§ **Records for this exercise**
——

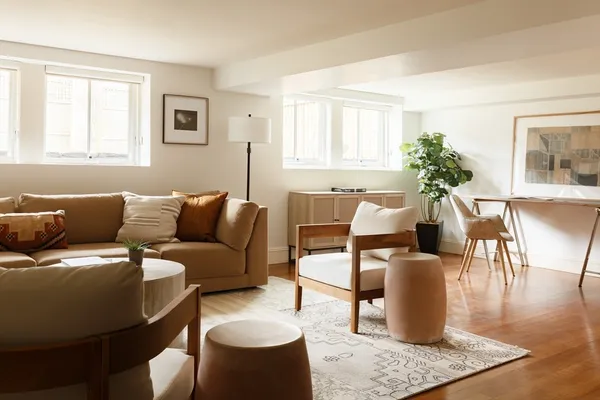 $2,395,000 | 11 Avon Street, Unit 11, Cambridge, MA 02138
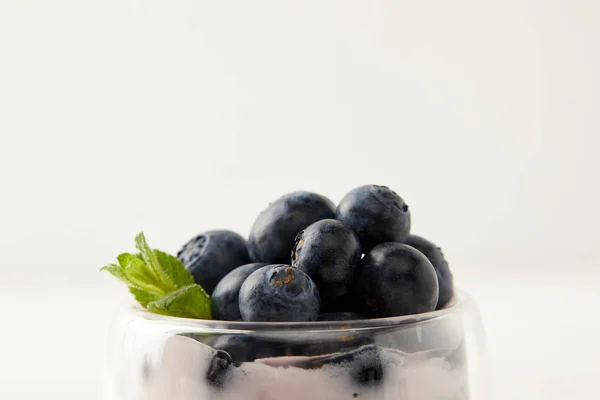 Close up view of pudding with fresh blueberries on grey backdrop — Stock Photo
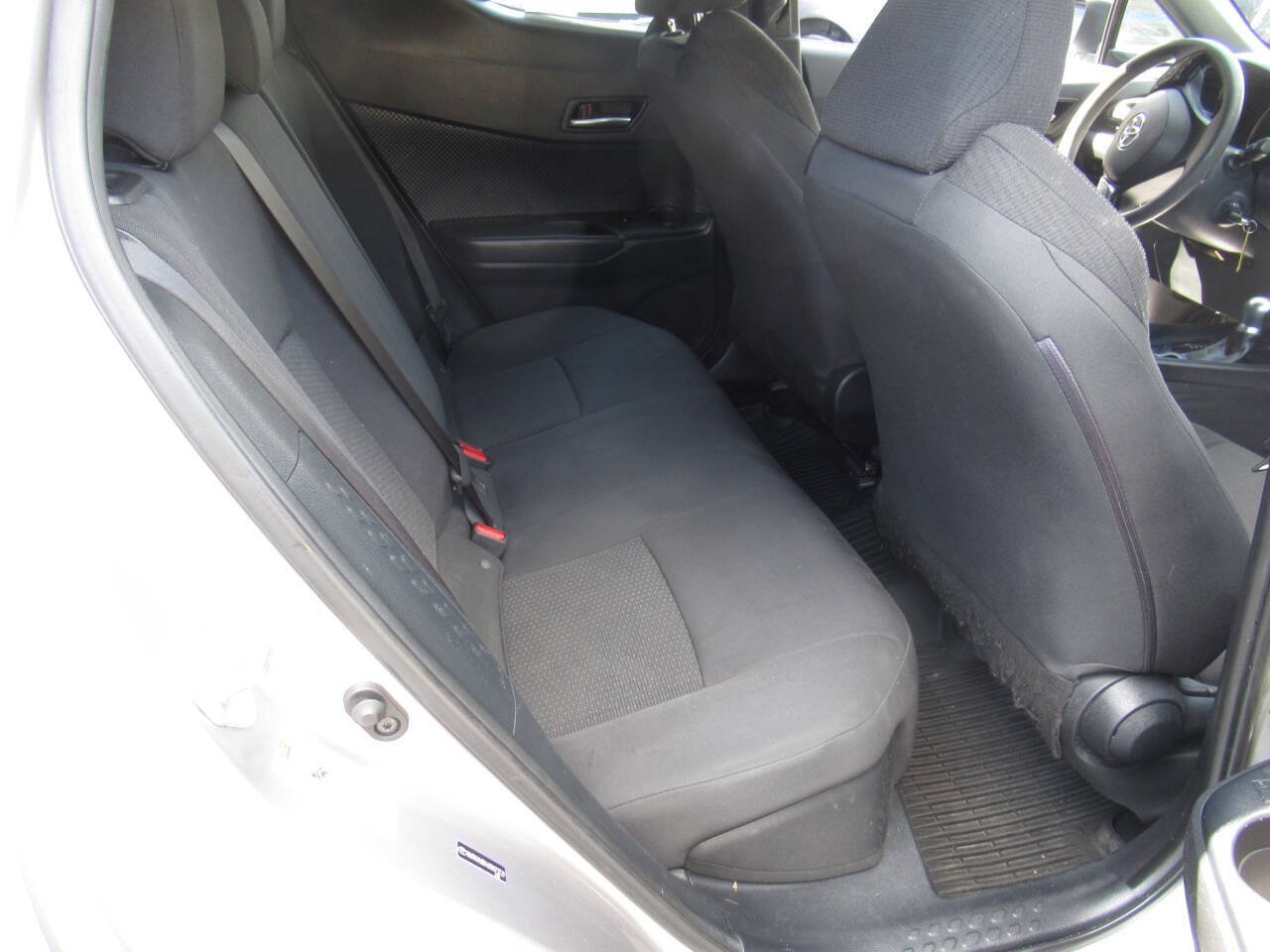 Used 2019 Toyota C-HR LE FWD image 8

——

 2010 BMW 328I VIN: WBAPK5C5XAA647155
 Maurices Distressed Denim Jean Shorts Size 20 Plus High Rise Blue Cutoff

——

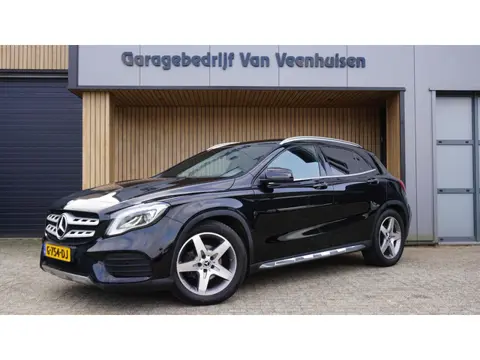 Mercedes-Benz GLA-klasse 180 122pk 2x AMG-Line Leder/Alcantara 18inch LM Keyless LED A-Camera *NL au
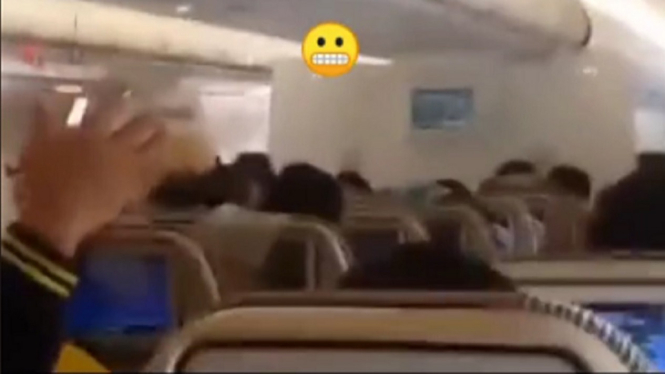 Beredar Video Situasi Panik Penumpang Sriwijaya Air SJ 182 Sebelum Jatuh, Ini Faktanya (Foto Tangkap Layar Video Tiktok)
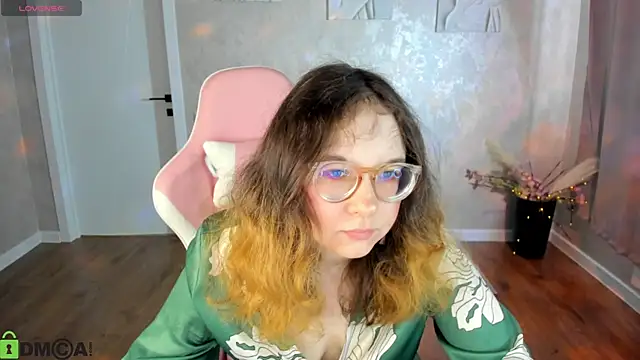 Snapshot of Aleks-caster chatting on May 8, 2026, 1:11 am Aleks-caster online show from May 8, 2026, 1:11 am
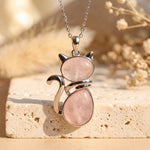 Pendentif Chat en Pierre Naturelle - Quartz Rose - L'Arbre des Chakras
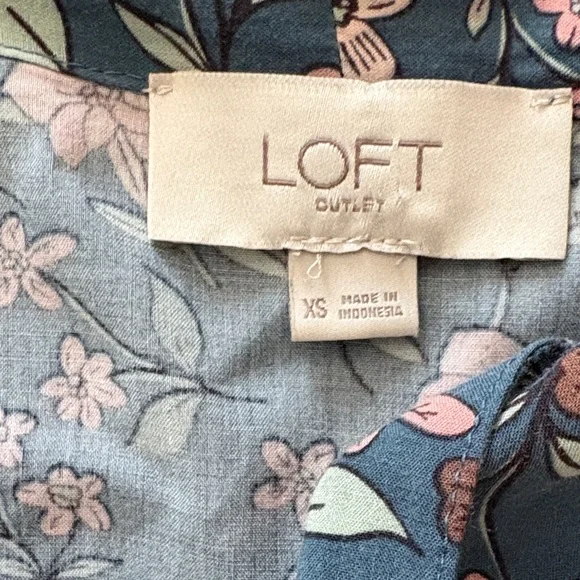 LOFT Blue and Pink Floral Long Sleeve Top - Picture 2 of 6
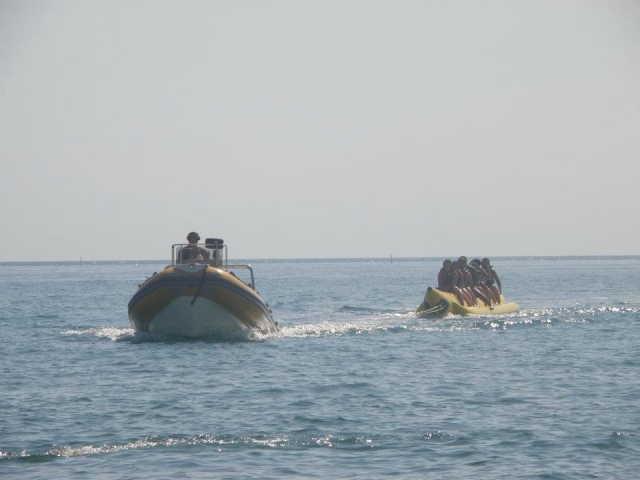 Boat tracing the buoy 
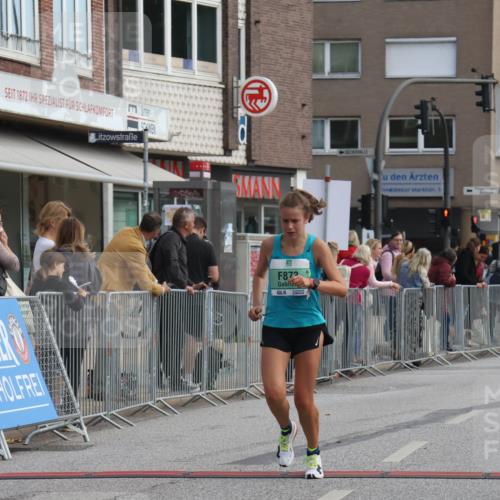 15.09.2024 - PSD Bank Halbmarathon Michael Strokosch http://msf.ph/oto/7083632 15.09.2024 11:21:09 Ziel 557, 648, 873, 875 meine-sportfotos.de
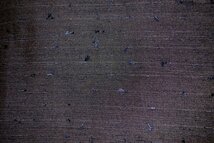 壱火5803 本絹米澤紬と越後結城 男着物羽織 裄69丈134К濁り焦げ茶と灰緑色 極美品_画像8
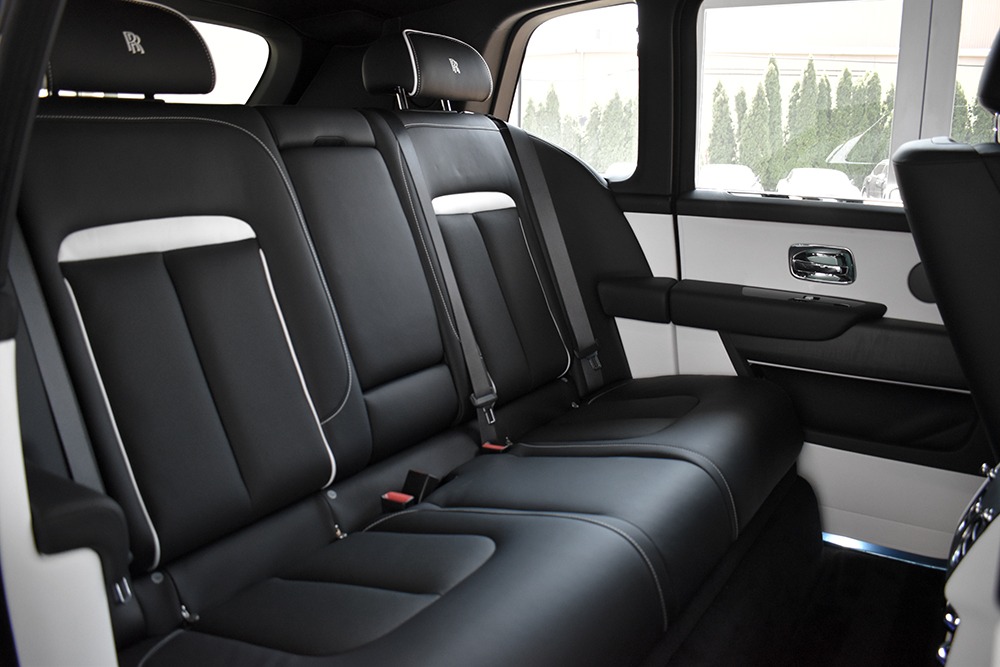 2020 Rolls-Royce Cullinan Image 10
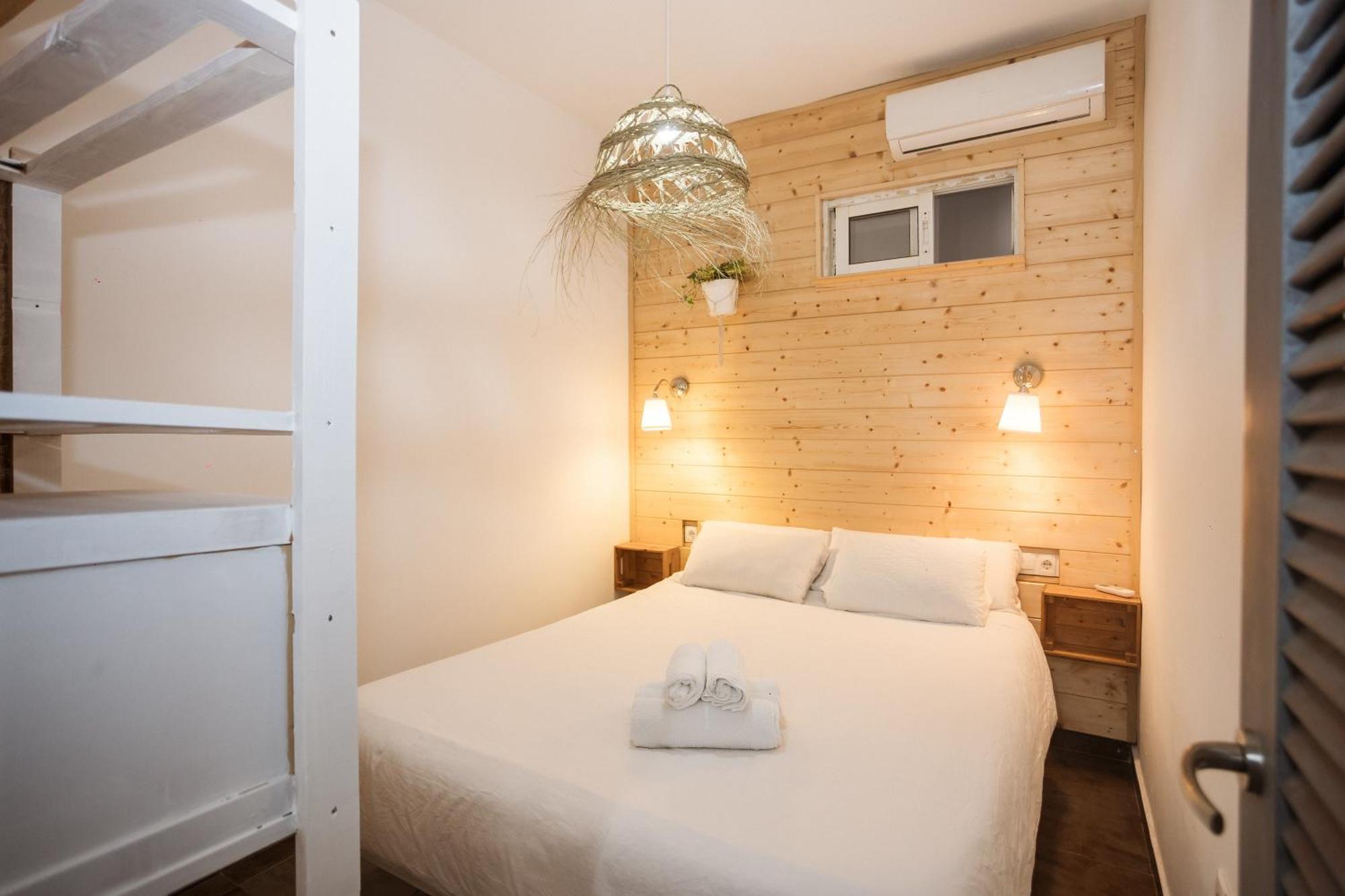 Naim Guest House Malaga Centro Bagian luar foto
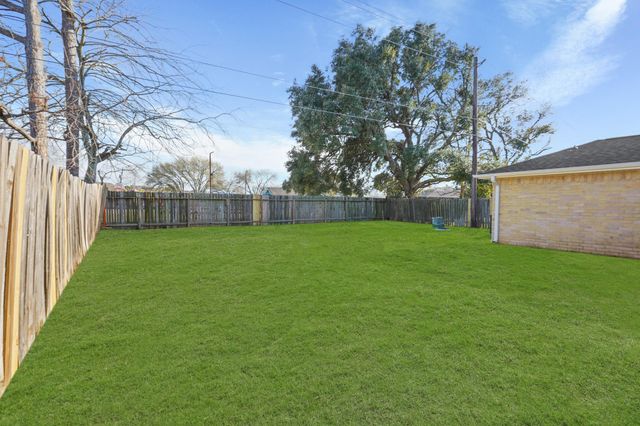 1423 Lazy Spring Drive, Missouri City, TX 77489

——

§ **Problem requirements**
Looking at the listing above, which lines run from the one containing "Beredar Video Situasi" through the one containing "Boat tracing the buoy"? Print exactly those, ends included, pictures excluded.

§ **Written response**
 Beredar Video Situasi Panik Penumpang Sriwijaya Air SJ 182 Sebelum Jatuh, Ini Faktanya (Foto Tangkap Layar Video Tiktok)
 Snapshot of Aleks-caster chatting on May 8, 2026, 1:11 am Aleks-caster online show from May 8, 2026, 1:11 am
 Pendentif Chat en Pierre Naturelle - Quartz Rose - L'Arbre des Chakras
 LOFT Blue and Pink Floral Long Sleeve Top - Picture 2 of 6
 Boat tracing the buoy 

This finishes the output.